Herwiga 1930s

Another GammelGura ready. "Old betta" that had "Betty" engraved in the original red paint. The guitar had a fancy label with the manufacturer's name, "Herwiga".

The entire guitar has now been repainted and the cover got a natural color instead of the covering red original color. Under the paint, the tree had a little "bear claw". The only way to succeed with a covering color on spruce with spirit varnish is to get down to clean wood and stain the spruce heavily. Didn't want to thin the cover more than necessary (was only 2.8 mm thick) and tried not to stain before and paint with colored spirit varnish, but the result was so ugly, so ugly. Tossed away the attempt and realized that it looked very good naturally and so it had to be!

The guitar is larger than usual, total length 97 cm and the lid is 28 - 21,5 - 36 cm wide (upper part, waist, lower part). Does not fit in a Gator 3/4 case, but fits well in a case for a classical guitar. The side is quite narrow (7,2 - 8 - 7,5 cm), but the bottom is nicely curved. Upper saddle 45 mm and menstrual 63 cm. The neck has a U shape, quite flat in the middle. A little unusual but you get used to it quickly.

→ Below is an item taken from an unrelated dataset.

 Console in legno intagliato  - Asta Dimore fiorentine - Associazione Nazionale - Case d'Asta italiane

The fingerboard in fine rosewood was reused. It was only 3,5mm thin, so the whole board was sandwiched together with a nice piece of rosewood. Also had to do a wedge on the fretboard on the lid to get the fretboard straight. The bitten fingerboard on the lid consists of three layers of rosewood! They had been creative with the band placement. In order to make it intonate "right" with a straight oversaddle, you had to compensate with the placement of the straps instead... not a good solution to the problem. All bands below 12th had been moved 1-3mm from the correct position closer to the stanchion and the top bands were moved closer to the saddle. Filled up the slots and re-banded with the bands in the correct mathematical places.

The grip board markings were made with a larger mother-of-pearl mat with a smaller abalone mat bored in the middle.

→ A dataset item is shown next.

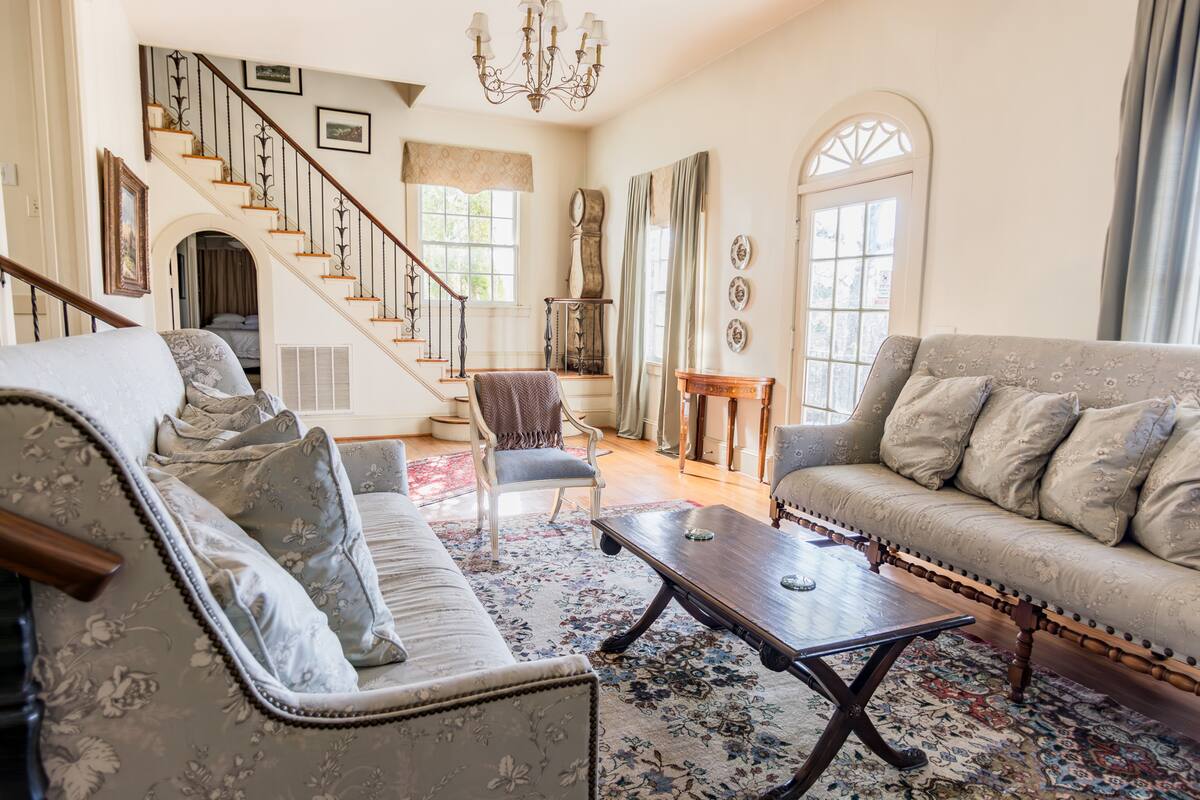 Escape to Elegance in Virginia's Meadows hero image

Sides and bottom are in solid, beautiful walnut. The stable is nicely made in ebony. The neck in mahogany with a slightly tricky "volute" under the head.

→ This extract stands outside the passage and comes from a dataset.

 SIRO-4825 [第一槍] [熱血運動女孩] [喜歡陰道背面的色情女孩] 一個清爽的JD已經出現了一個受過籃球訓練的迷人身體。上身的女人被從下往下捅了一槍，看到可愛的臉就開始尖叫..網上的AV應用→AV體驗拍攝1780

The guitar had zero band, but it became a regular oversaddle in the legs as I lost a little more than usual of the neck length when I worked with the attachment that was arguing with me. Safely removed 3-4 mm at the bottom of the neck foot to straighten the neck, in the process the whole neck became 2 mm shorter. Like sawing legs on a table and trying to make the table stand stable…

Made an intonation of stable legs and upper saddle according to all the rules of art. Now all the troubadour chords play clean! 🙂 Sounds very good, the larger size and the walnut gives a little more bass than usual.